*Records*:
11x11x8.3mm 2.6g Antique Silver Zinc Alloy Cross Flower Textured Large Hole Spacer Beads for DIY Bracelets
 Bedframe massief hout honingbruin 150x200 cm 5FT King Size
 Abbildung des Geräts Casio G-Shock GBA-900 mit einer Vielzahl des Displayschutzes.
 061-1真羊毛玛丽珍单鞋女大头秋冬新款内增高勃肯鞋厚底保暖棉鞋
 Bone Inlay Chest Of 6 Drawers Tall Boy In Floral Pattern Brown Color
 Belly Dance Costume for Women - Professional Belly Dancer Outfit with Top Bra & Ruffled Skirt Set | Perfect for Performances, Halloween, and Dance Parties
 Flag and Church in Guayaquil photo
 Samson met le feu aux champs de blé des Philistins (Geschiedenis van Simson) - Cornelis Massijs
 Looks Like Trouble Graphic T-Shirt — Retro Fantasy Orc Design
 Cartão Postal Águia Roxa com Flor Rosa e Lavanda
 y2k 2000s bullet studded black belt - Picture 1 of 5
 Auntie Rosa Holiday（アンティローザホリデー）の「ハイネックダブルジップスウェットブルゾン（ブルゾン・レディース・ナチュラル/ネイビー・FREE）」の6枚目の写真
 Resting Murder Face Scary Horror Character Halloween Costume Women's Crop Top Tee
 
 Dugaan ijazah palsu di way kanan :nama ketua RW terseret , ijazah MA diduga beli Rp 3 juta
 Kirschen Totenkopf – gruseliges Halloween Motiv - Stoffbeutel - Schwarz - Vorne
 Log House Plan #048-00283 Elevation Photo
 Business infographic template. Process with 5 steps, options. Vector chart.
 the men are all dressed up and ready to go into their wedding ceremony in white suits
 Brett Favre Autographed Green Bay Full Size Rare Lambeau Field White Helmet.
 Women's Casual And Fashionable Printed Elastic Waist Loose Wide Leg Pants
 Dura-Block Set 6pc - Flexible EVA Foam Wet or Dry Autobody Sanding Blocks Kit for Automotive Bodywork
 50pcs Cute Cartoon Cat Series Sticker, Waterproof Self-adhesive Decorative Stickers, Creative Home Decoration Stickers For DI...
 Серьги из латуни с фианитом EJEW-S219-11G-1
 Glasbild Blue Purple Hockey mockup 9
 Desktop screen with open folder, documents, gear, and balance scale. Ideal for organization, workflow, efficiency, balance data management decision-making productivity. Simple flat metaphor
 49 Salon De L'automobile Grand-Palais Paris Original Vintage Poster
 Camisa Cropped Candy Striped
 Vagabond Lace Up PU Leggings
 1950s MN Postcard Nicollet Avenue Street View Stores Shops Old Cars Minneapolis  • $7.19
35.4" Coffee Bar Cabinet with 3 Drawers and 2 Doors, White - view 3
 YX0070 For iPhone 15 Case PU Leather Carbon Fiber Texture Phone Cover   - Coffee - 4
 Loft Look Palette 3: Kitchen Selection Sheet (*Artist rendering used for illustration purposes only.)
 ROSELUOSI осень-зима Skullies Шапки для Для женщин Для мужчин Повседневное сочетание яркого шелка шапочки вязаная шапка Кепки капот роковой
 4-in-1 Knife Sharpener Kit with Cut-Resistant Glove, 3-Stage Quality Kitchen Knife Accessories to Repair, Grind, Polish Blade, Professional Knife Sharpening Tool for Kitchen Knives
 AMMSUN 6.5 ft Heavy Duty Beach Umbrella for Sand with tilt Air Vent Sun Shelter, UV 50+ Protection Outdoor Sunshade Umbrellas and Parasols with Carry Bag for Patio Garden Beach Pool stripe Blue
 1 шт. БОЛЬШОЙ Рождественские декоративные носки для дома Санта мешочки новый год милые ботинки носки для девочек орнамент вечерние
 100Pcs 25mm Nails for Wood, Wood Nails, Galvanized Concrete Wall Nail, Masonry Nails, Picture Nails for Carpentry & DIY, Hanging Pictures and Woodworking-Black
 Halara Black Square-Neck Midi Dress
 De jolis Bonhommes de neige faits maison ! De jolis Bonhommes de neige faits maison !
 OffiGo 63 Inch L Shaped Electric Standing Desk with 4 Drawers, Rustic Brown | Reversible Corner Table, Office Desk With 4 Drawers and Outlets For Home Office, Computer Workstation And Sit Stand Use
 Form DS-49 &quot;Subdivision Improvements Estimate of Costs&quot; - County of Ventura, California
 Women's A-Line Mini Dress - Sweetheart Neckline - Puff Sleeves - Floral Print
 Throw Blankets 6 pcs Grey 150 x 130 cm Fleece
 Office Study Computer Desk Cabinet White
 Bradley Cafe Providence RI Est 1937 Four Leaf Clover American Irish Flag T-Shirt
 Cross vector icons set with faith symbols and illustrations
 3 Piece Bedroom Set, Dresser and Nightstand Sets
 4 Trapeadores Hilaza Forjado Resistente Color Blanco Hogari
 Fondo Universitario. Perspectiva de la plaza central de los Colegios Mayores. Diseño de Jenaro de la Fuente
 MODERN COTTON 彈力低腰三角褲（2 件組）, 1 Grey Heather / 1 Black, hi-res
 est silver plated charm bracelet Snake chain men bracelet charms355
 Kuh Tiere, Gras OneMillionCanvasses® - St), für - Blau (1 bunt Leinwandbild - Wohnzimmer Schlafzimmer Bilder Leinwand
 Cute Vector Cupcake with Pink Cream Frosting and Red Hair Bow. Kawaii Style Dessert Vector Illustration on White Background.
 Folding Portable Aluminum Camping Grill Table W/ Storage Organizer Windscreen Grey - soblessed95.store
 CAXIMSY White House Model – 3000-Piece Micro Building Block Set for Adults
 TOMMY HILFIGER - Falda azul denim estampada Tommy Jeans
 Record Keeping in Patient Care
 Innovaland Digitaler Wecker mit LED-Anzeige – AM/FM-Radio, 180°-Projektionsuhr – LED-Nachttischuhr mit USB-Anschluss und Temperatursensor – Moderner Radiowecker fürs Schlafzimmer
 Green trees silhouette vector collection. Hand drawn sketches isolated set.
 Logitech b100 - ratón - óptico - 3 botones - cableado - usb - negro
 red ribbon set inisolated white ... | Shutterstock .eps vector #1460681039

*Work task*: Pull every line containing the word "Blue" out of the material and copy it.

*Answer to this exercise*:
 Glasbild Blue Purple Hockey mockup 9
 AMMSUN 6.5 ft Heavy Duty Beach Umbrella for Sand with tilt Air Vent Sun Shelter, UV 50+ Protection Outdoor Sunshade Umbrellas and Parasols with Carry Bag for Patio Garden Beach Pool stripe Blue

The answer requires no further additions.